Yıldırım, Cumhurbaşkanı Recep Tayyip Erdoğan'ın da altını çizdiği gibi NATO'nun güvenlik konseptini yeni baştan ele alması gerektiğini söyledi.
AK Parti'nin, Türkiye'nin ruhu, ortak aklı, vicdanı olduğunu belirten Yıldırım, AK Parti olarak adalet ve kalkınma yolundaki kutlu yürüyüşe ilk günkü heyecanla devam ettiklerini kaydetti.
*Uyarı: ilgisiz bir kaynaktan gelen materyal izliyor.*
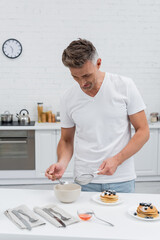 Man taking powdered sugar from bowl and holding sieve near pancakes in kitchen.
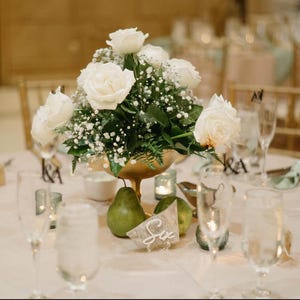 May include: A white floral centerpiece with white roses and baby's breath in a gold bowl. The centerpiece is on a white tablecloth with green placemats and clear glass glasses. The table number is "Six".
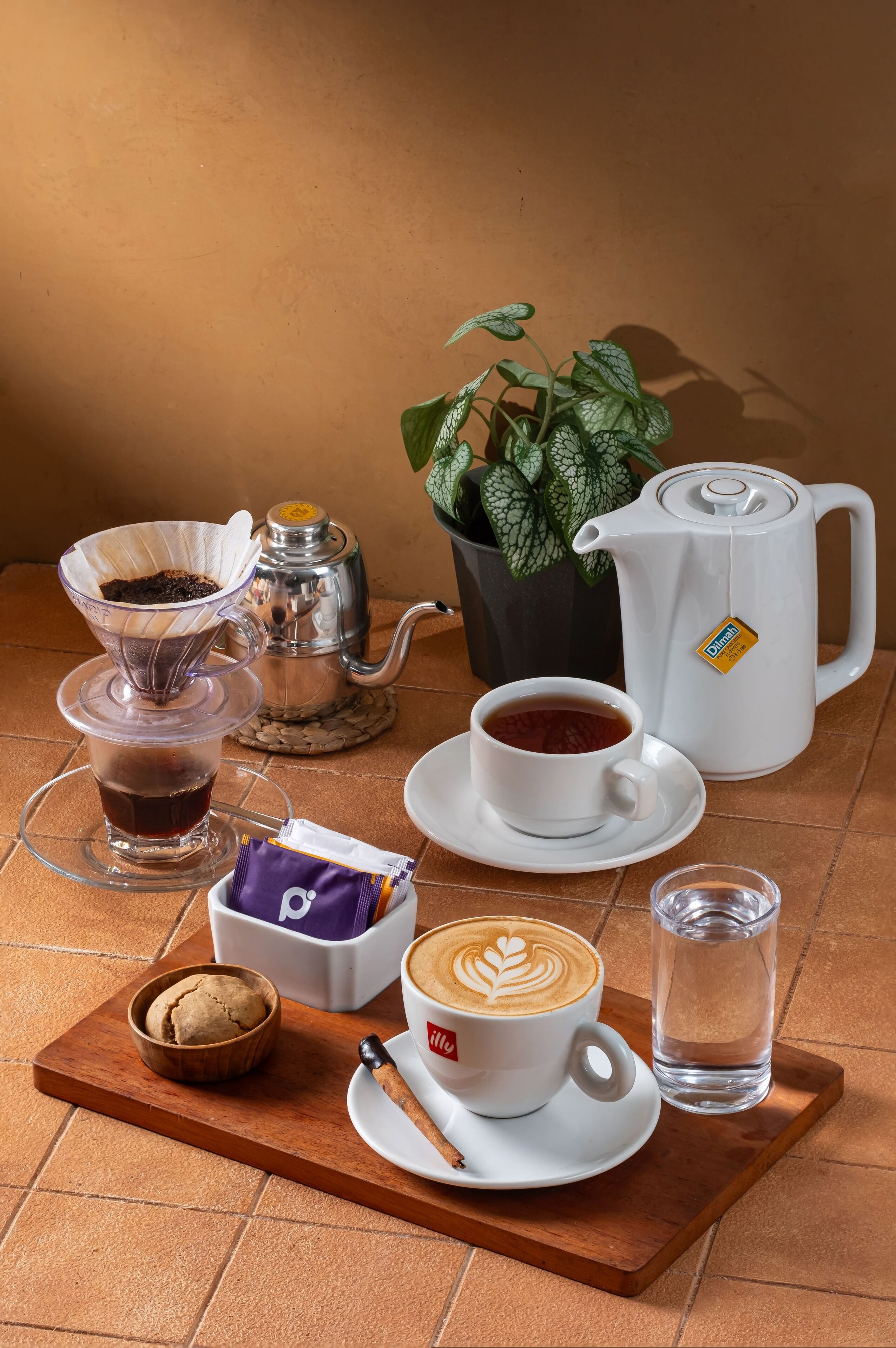 A table with a coffee setup including a coffee pot, a drip coffee maker, a cup of coffee, a glass of water, a cookie, and a box of tea bags.
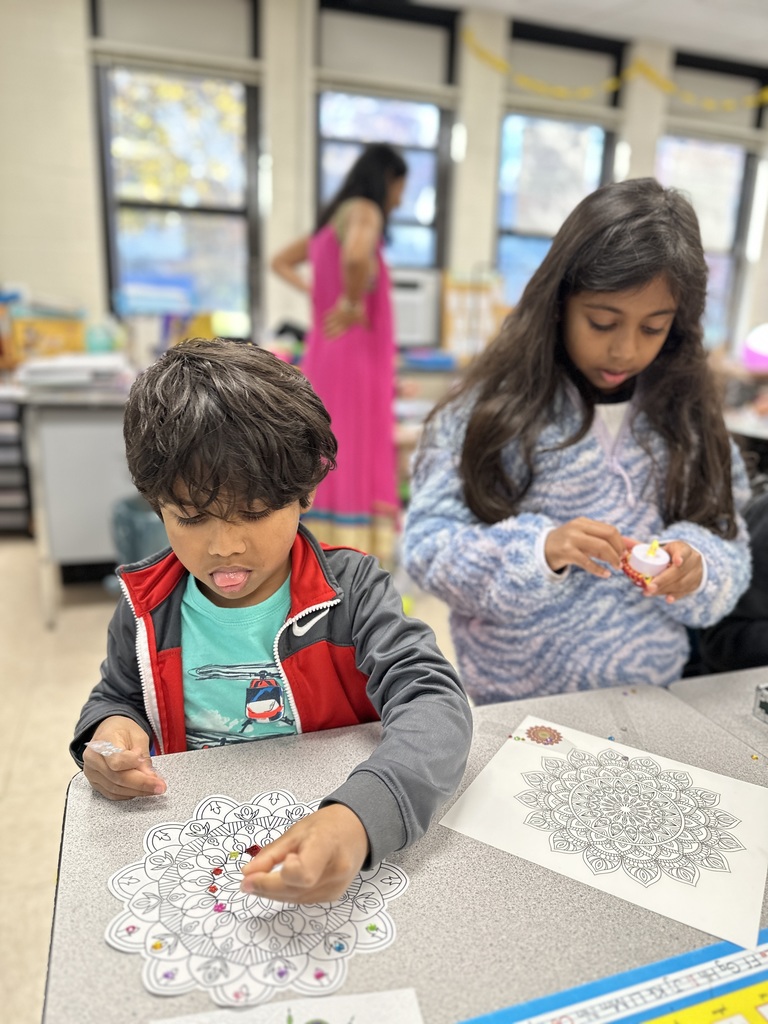 two students designing their rangali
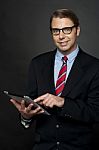 Corporate Male Using Tablet Pc Stock Photo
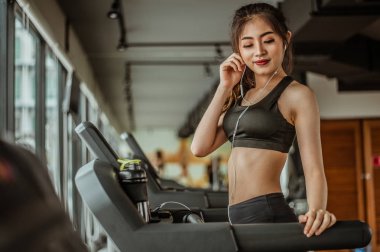 Spor salonunda koşu bandında koşan kadın portresi müzik dinliyor.Egzersiz konsepti. Fitness ve sağlıklı yaşam tarzı..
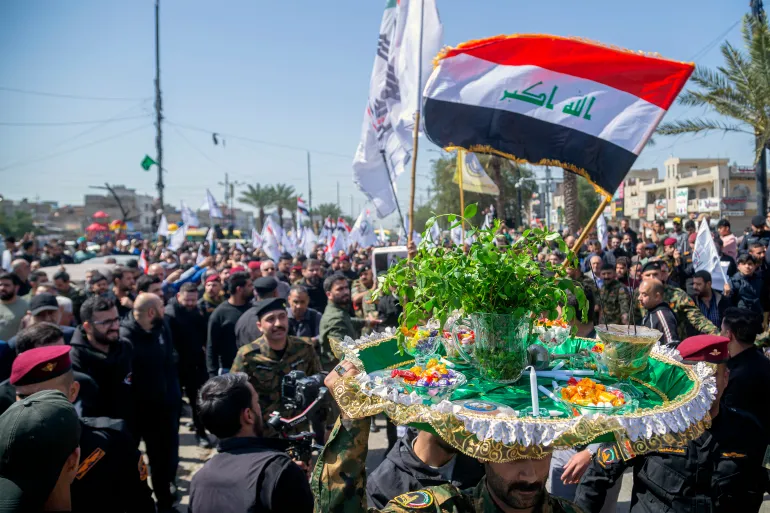 Mourners march in the funeral of Hussein Fadhel Ali, a member of Iraq's Hashed al-Shaabi alliance now integrated into the regular army but which also includes brigades belonging to Iran-backed groups, who was killed in a strike earlier in the week, in Baghdad's Sadr City suburb on March 24, 2026.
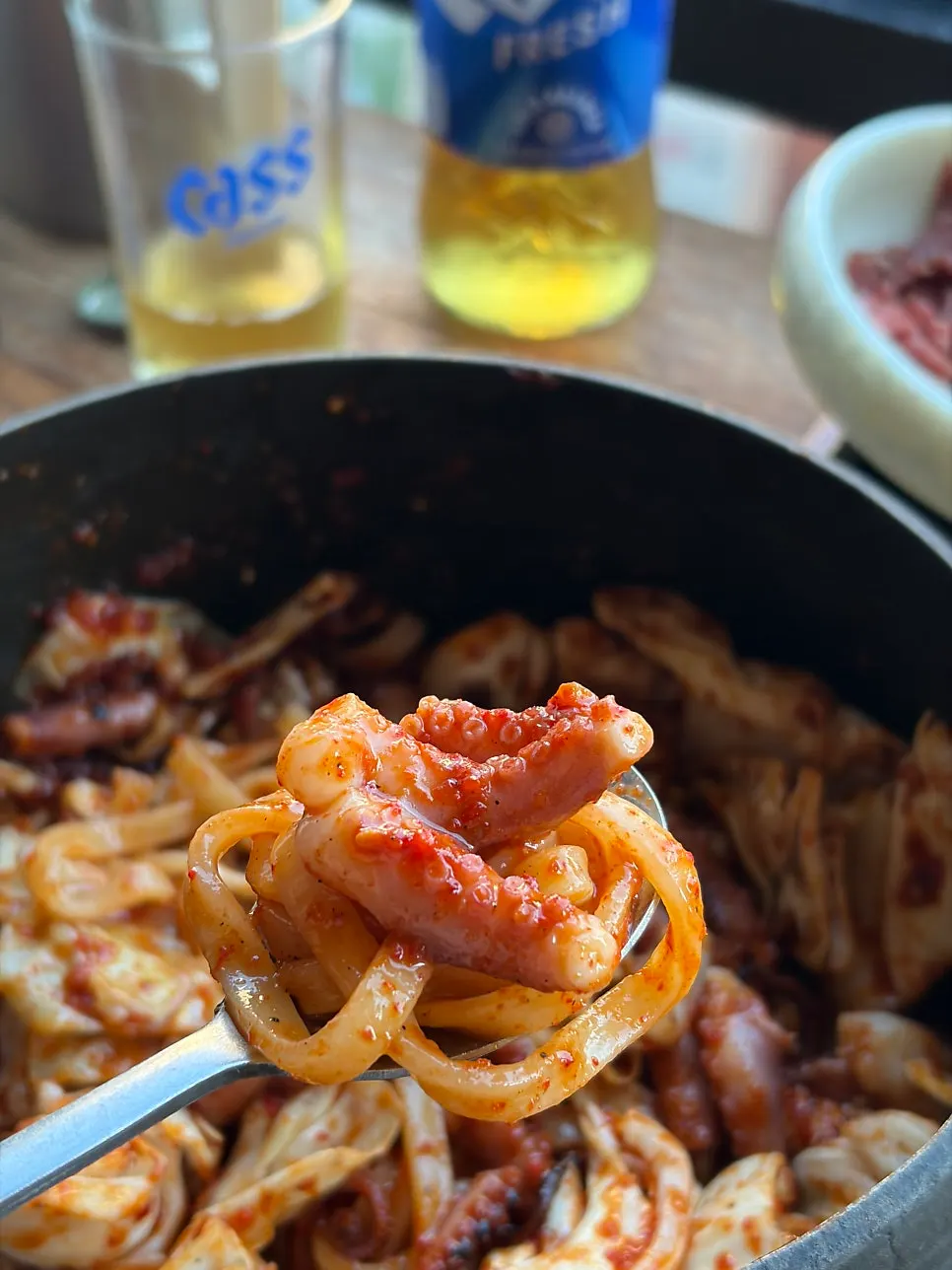 Spicy sauced octopus cut into pieces with scissors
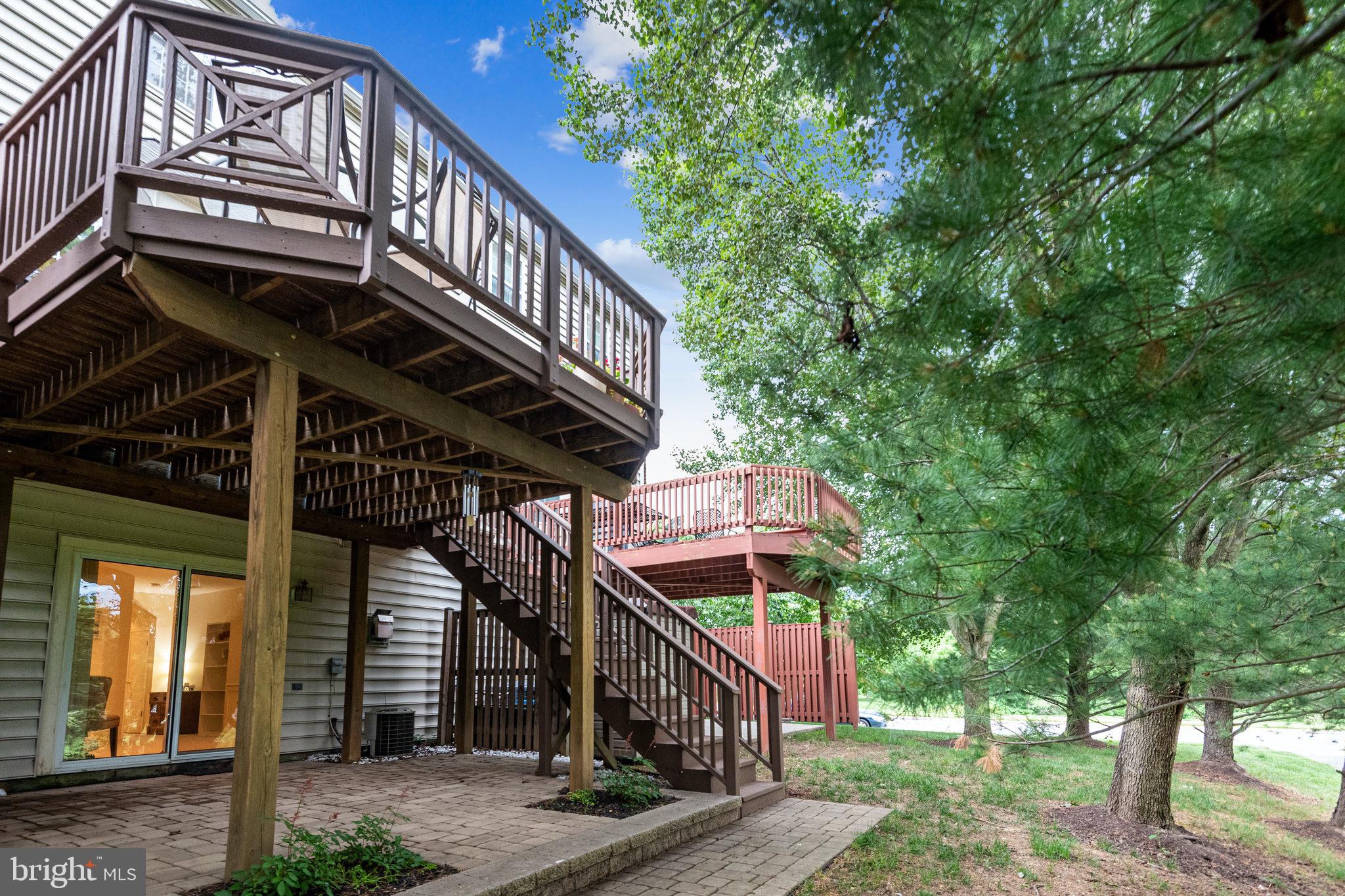6305 Wind Rider Way Columbia, MD 21045 - Photo 33 of 38 Back of home w/Patio & Deck Backing to Trees!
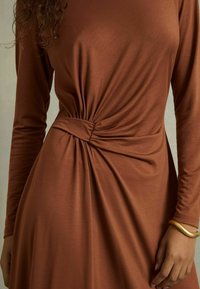 Abito lungo marrone con maniche lunghe e dettaglio a nodo attorcigliato in vita. Tessuto morbido con una texture liscia, silhouette fluida e design minimale.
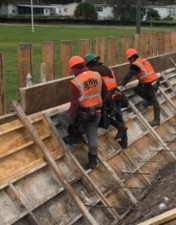 Crews construct a wall along Sam Allen Road in November 2019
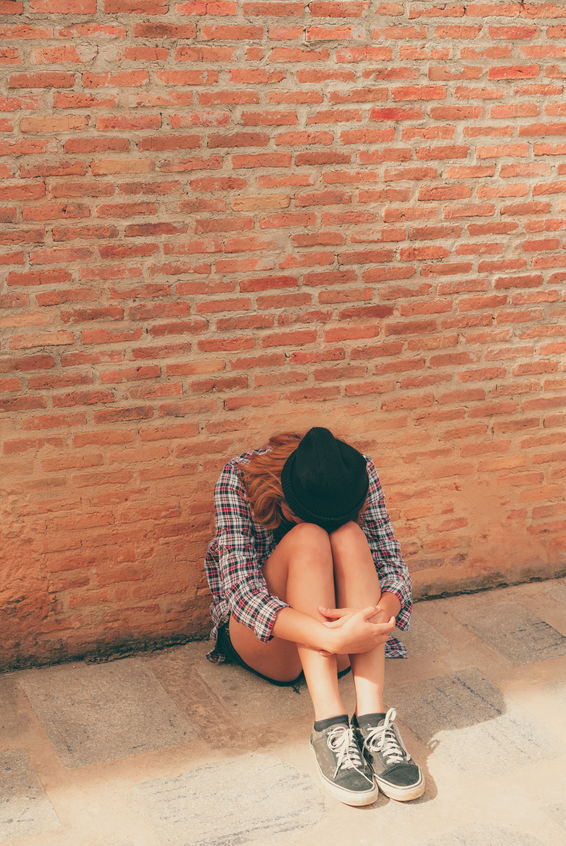 A teenager sitting alone on brick wall with head down on knees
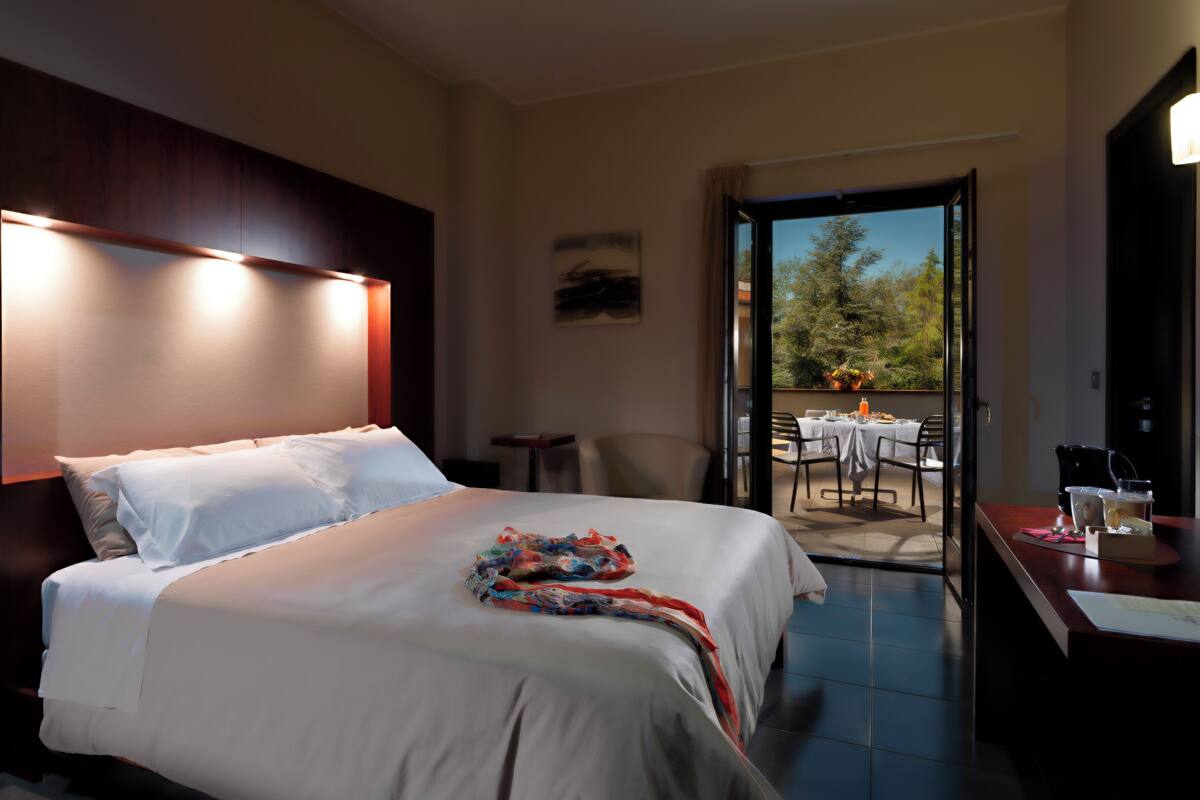 A hotel room with a bed, a small table with a chair, and a balcony with a table and chairs.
AYŞE BEGÜM VE PORTEKİZ'E KUTLAMA
Milli jimnastikçi Ayşe Begüm Onbaşı'nın, geçen hafta Aerobik Jimnastik Dünya Şampiyonası'nda altın madalya kazanarak milletin yüzünü güldürdüğünü anımsatan Yıldırım, "Ayşe Begüm kızımızı tebrik ediyor, başarılarının devamını diliyoruz. Her ne kadar Avrupa Futbol Şampiyonası'nda istediğimizi yapamadıksa da Ayşe kızımız bu başarısı, milletimizin yüzünü güldürdü." dedi.
Yıldırım, sözlerine, Avrupa Futbol Şampiyonu olan Portekiz Milli Takımı ve Portekizlileri kutlayarak son verdi.
Öte yandan Başbakan Yıldırım'ın yakasına, toplantı öncesinde, Srebrenitsa katliamının 21. yılı nedeniyle katliamın sembolü Srebrenitsa çiçeği takıldı.
Yıldırım, Bosna Hersek'ten gelen misafirlerle AK Parti Genel Merkez Kadın Kolları Başkanı Lütfiye Selva Çam ve Türkiye-Bosna Hersek Parlamentolar Arası Dostluk Grubu Başkanı, AK Parti Bursa Milletvekili Hakan Çavuşoğlu ile hatıra fotoğrafı da çektirdi.